Dominik Panka (left), Michael Tureneic (foreground, center), Ramin Hajiyev (standing, right)

During a tournament’s middle and late stages, the significance of stack sizes increases, making it crucial to remain aware at all times what your opponents have chip-wise and how their stacks compare to yours. Especially when approaching the bubble, it becomes all the more important to be wary of players whose stacks are close to or greater than yours, as they are the ones who can potentially cost you the most should you tangle with them.
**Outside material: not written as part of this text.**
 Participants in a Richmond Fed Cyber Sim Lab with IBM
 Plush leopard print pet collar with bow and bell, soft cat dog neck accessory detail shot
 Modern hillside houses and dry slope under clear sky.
A hand from the bubble of last year’s EPT Deauville High Roller well illustrated the importance of remaining aware of others’ stack sizes while also providing a useful lesson about selecting the right targets to pressure. In fact, what the hand shows is an instance of a player perhaps picking the wrong players to pressure.

That event experienced a rather excruciating bubble period. From the 115 entries just the top 17 spots paid, and so when there were 18 players left play went to hand-for-hand. As it turned out, it would take nearly two more hours for the next elimination to come and the bubble finally to pop.

The blinds were 4,000/8,000 with a 1,000 ante, and it folded around to Dominik Panka who raised to 16,000. Ramin Hajiyev reraised to 41,000 from the small blind, then Michael Tureniec four-bet shoved all in for 301,000 total from the big blind.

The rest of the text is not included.